▶ [Required action]: Every line of the material must be given again verbatim. Skip the images.

▶ [Recorded data]:
────────
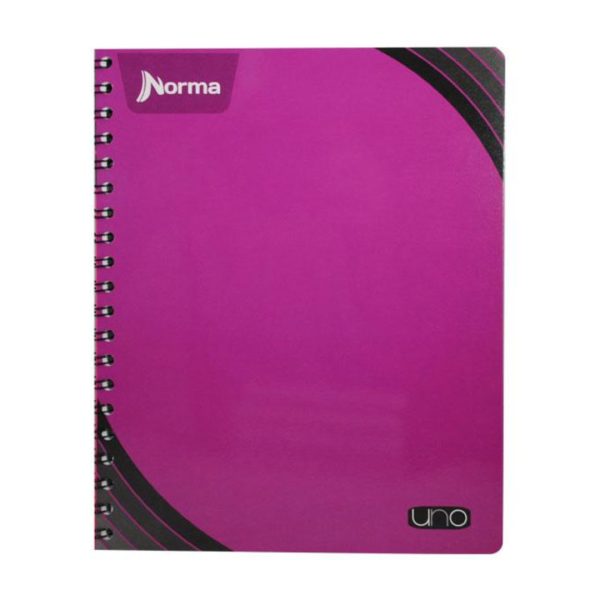 Libreta Profesional C7 100hjs Espiral Uno 529994 - Imagen 2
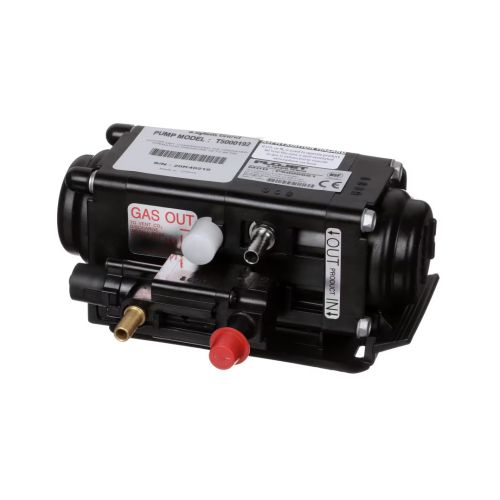 Lancer Juice Machines T5000-140 Flojet BIB Syrup Pump 1/4" Barb SS
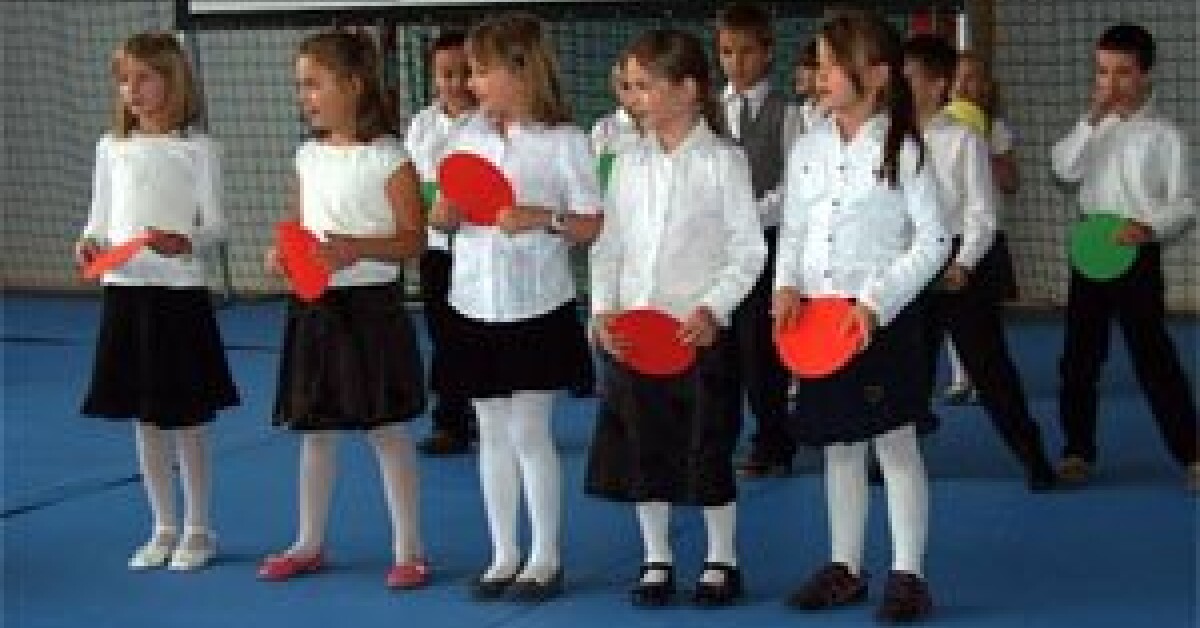 Powiat: W 54 szkołach ruszył program Bezpieczne Życie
────────
▶ [Response to this exercise]:
 Libreta Profesional C7 100hjs Espiral Uno 529994 - Imagen 2
 Lancer Juice Machines T5000-140 Flojet BIB Syrup Pump 1/4" Barb SS
 Powiat: W 54 szkołach ruszył program Bezpieczne Życie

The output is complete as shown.